Now, I've been researching the Red River Valley for 20 years and I know there's always more to discover. However, I was a bit surprised when I came upon this letter to the editor, written for the Denison Sunday Gazetteer in May 1899. Magnus Good wrote about putting "up a drug store" in a "new, thriving, up-to-date town" named Pancanula, Chickasaw Nation (then, Indian Territory). Huh, I wondered... where is Pancanula? I'd never heard of it. It's not on current maps, and it's not mentioned in the Oklahoma History Center's archives.
I know that this area of the Chickasaw Nation was Panola County at one point, so I thought... maybe Mr. Good had misspelled Panola? But this is a very lucid letter, so I had to discount that hair-brained theory.
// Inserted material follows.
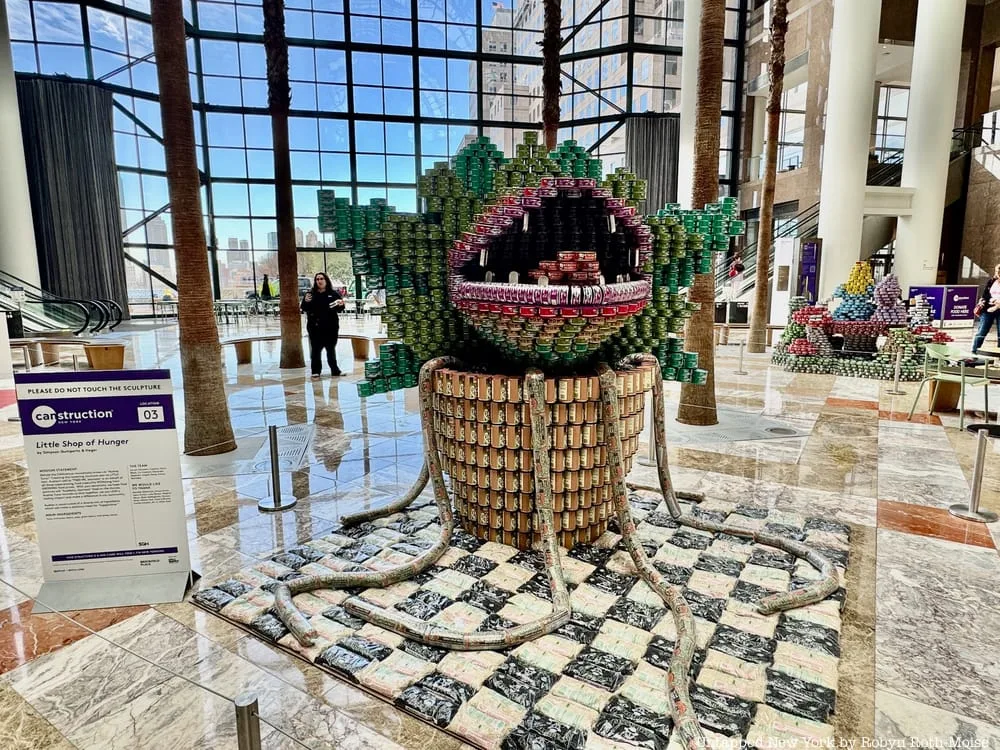 A large green monster sculpture built from canned food stands in Brookfield Place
Then, the Library of Congress came to the rescue once again. I looked at this 1900 map of the Chickasaw Nation and, Bob's your Uncle, I found Pancanula! But it's spelled Pauchunla. I think... darn that Meridian Line in the way. Link the map is here: https://www.loc.gov/item/2007627495/
Isn't it insane that a town, built by Willie Kemp (from a prominent Chickasaw family) with "two physicians and two ministers, a fine instrumental band and a pebating [SIC] club" with soft water "of the best quality" and "not a woman or child in the town" is now completely GONE? I think it was absorbed/ moved in favor of Achille (Bryan County, Oklahoma), established around 1910.
What do you think? Maybe the problem was the lack of women?